• [Entries shown]:
------------

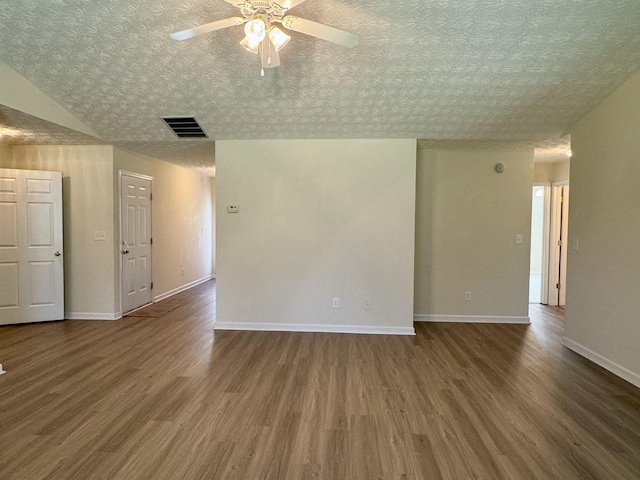 unfurnished room with dark wood-type flooring, a textured ceiling, and ceiling fan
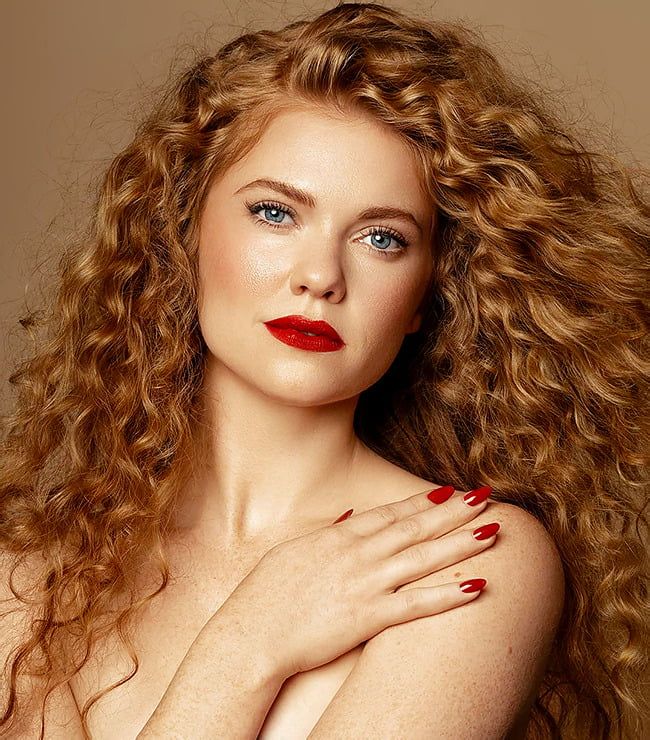 a woman with long red hair and bright blue eyes is posing for the camera, her hands on her chest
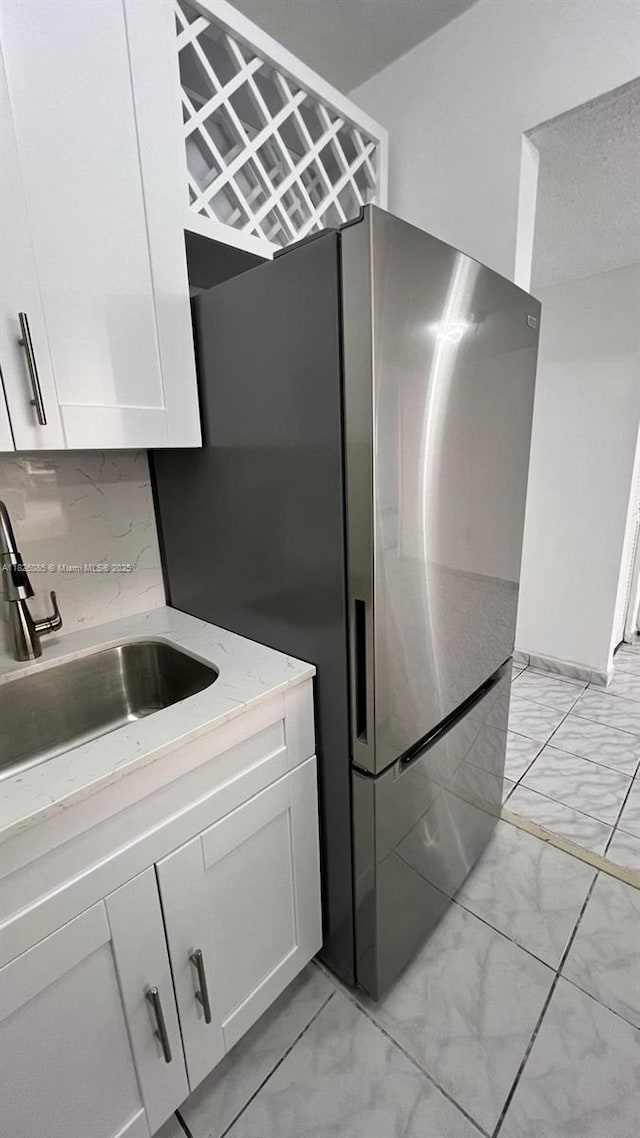 8095 NW 8th St Unit 103, Miami, FL 33126 - kitchen with light marble finish floors, freestanding refrigerator, white cabinets, and tasteful backsplash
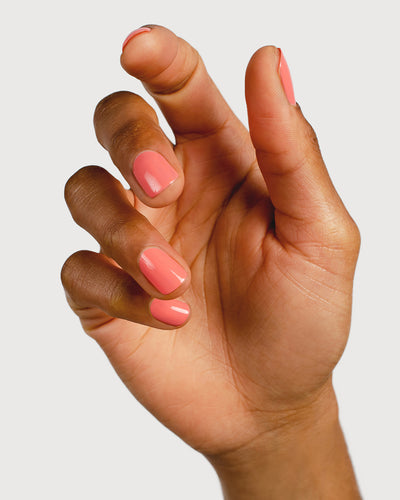 Pink peach nail polish hand swatch on medium skin tone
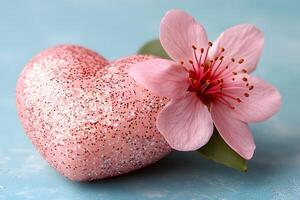 Sparkling Pink Heart with Cherry Blossom on Soft Blue Background for Romantic Design photo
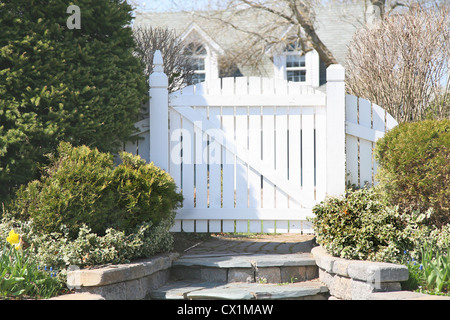 A garden gate in a residential spring garden. Stock Photo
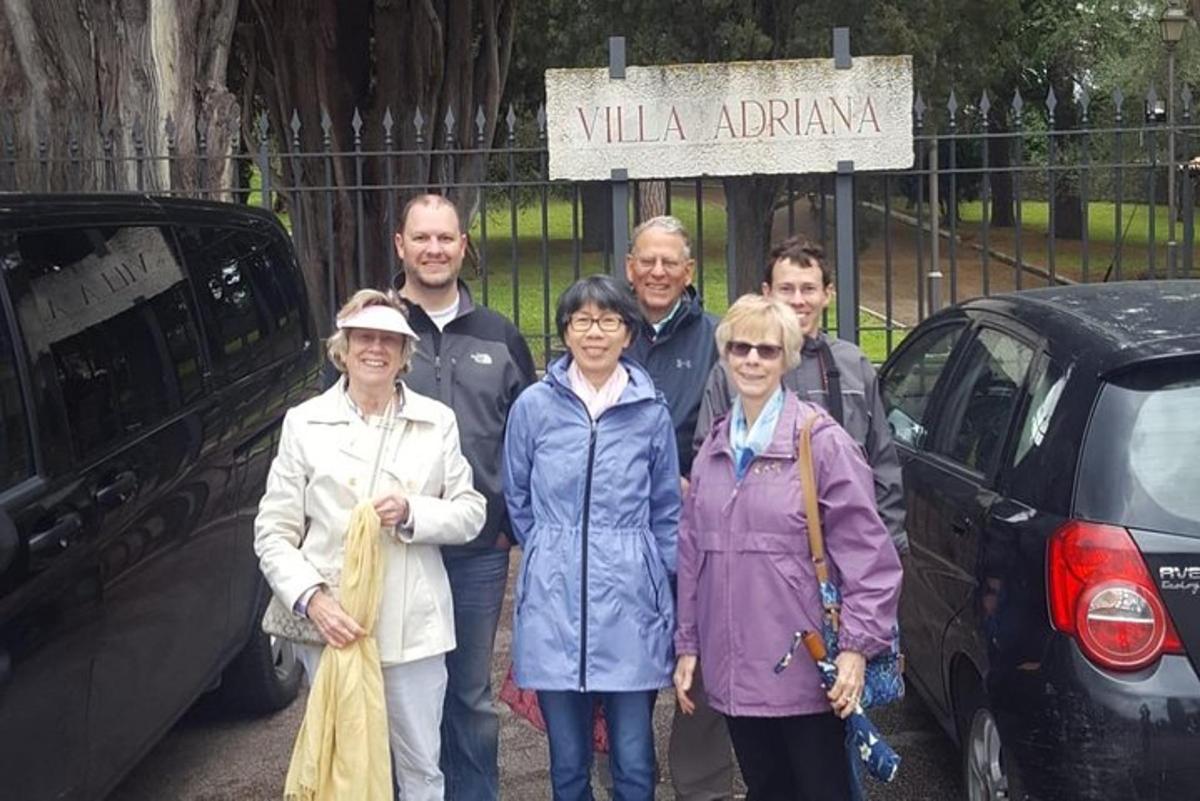 a group of people standing in front of a car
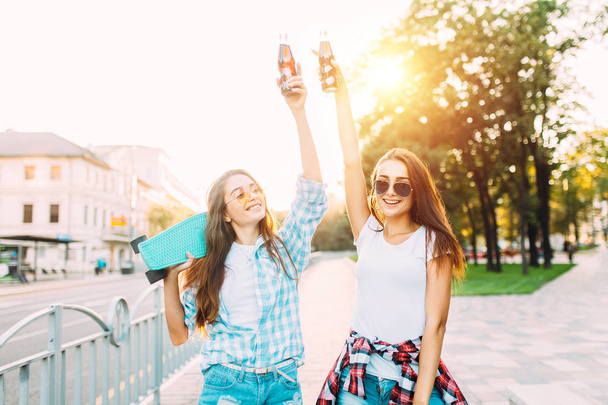 Two girlfriends in sunglasses, drink a drink and walk down a cit - Fotoğraf, Görsel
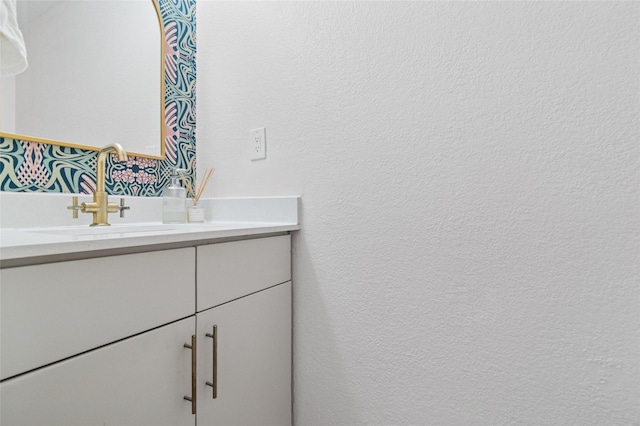 bathroom featuring vanity and a textured wall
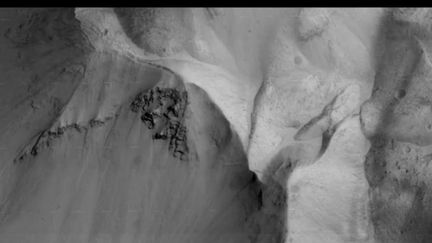 Capture d'écran du grand volcan Arsia Mons sur Mars filmé par la sonde Trace Gas Orbiter (TGO) de la mission russo-européenne ExoMars 2016, novembre 2016 (ESA Robotic Exploration of Mars / YOUTUBE)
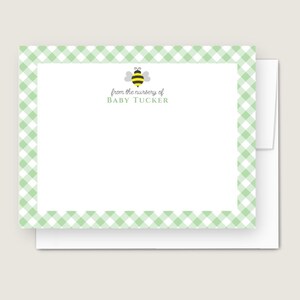 May include: A set of stationery featuring a light green gingham border. The stationery includes a white card with a cartoon bee and the text "from the nursery of BABY TUCKER". The stationery is placed on top of a white envelope.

------------

• [Your goal]: Down to the final line, restate the material above word for word, but omit its pictures.

• [Exercise solution]:
 unfurnished room with dark wood-type flooring, a textured ceiling, and ceiling fan
 a woman with long red hair and bright blue eyes is posing for the camera, her hands on her chest
 8095 NW 8th St Unit 103, Miami, FL 33126 - kitchen with light marble finish floors, freestanding refrigerator, white cabinets, and tasteful backsplash
 Pink peach nail polish hand swatch on medium skin tone
 Sparkling Pink Heart with Cherry Blossom on Soft Blue Background for Romantic Design photo
 A garden gate in a residential spring garden. Stock Photo
 a group of people standing in front of a car
 Two girlfriends in sunglasses, drink a drink and walk down a cit - Fotoğraf, Görsel
 bathroom featuring vanity and a textured wall
 Capture d'écran du grand volcan Arsia Mons sur Mars filmé par la sonde Trace Gas Orbiter (TGO) de la mission russo-européenne ExoMars 2016, novembre 2016 (ESA Robotic Exploration of Mars / YOUTUBE)
 May include: A set of stationery featuring a light green gingham border. The stationery includes a white card with a cartoon bee and the text "from the nursery of BABY TUCKER". The stationery is placed on top of a white envelope.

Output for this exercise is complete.